(Exercise details): No pictures go in the copy. Restate, word for word, each line from the one containing "KerryHerdt's tweet photo." through the last line below.

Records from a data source
******************************
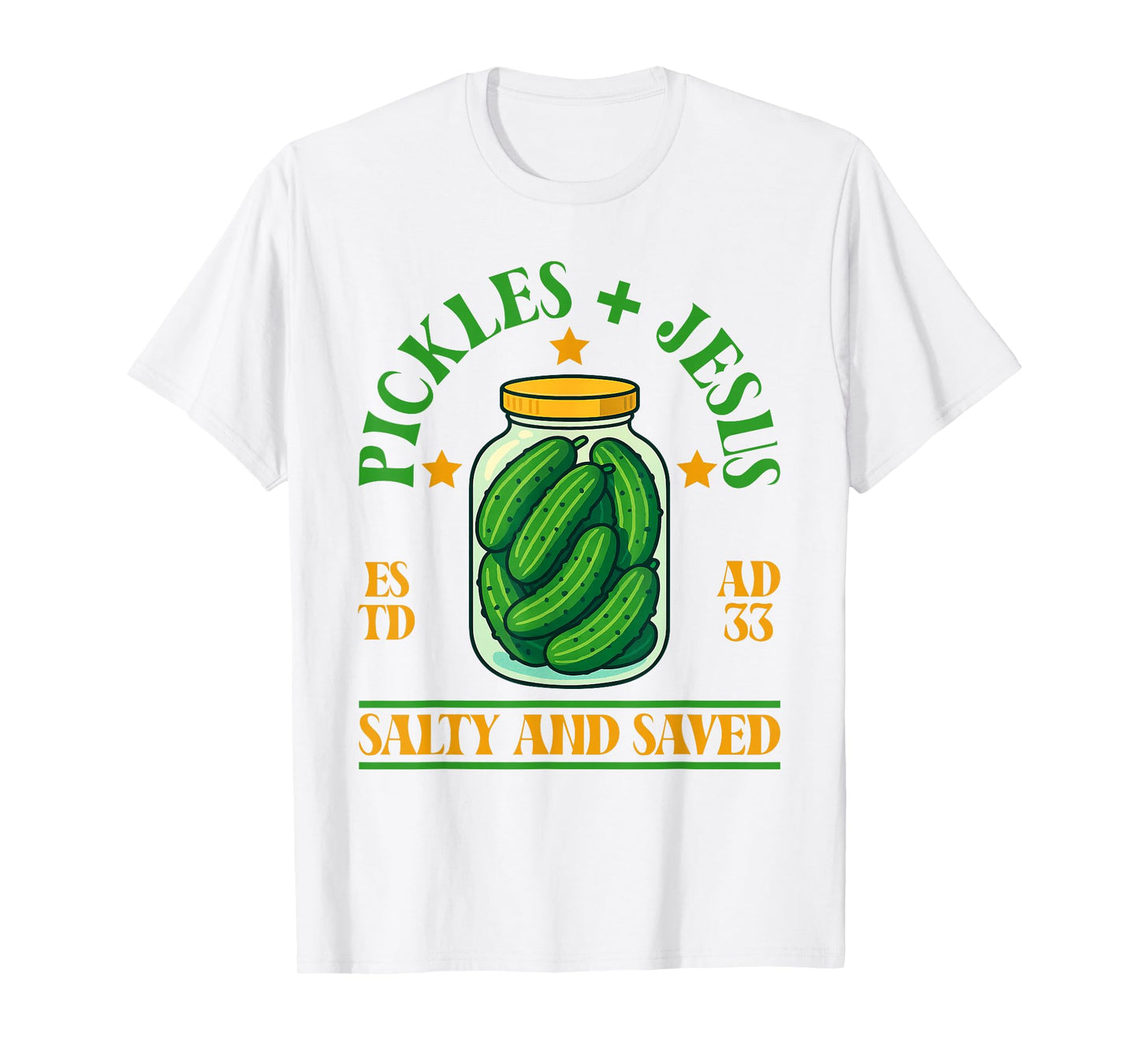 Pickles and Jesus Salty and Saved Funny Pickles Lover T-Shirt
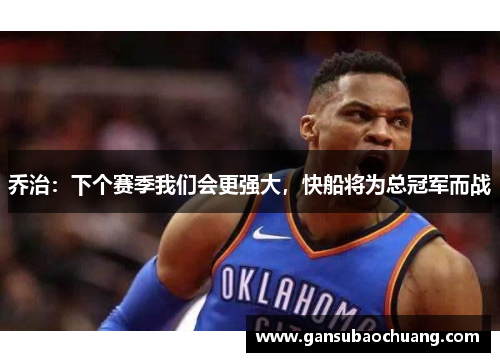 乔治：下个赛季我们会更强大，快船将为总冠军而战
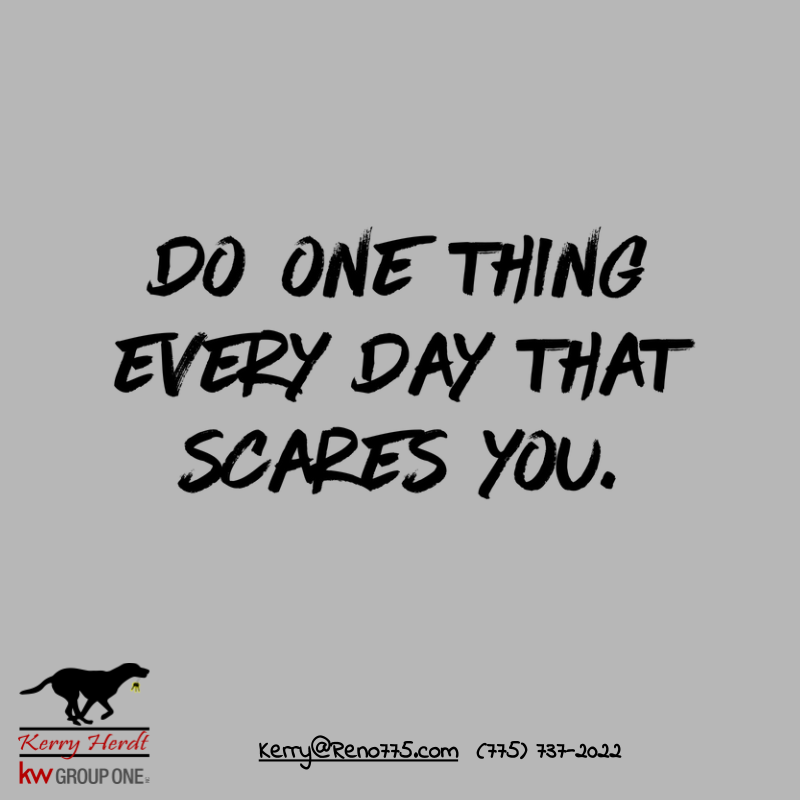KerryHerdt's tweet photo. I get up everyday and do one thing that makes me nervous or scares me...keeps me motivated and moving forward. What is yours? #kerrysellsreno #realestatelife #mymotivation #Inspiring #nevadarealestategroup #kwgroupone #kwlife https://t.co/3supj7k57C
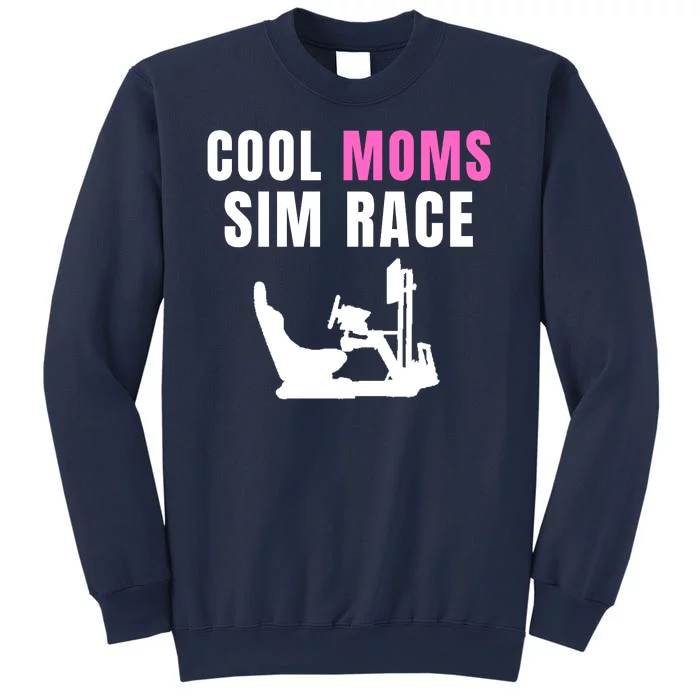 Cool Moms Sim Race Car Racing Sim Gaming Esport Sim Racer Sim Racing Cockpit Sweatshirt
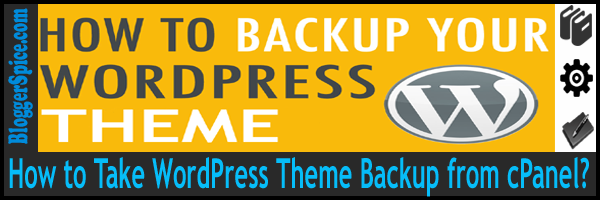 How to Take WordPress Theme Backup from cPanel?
******************************
(Your response):
KerryHerdt's tweet photo. I get up everyday and do one thing that makes me nervous or scares me...keeps me motivated and moving forward. What is yours? #kerrysellsreno #realestatelife #mymotivation #Inspiring #nevadarealestategroup #kwgroupone #kwlife https://t.co/3supj7k57C
 Cool Moms Sim Race Car Racing Sim Gaming Esport Sim Racer Sim Racing Cockpit Sweatshirt
 How to Take WordPress Theme Backup from cPanel?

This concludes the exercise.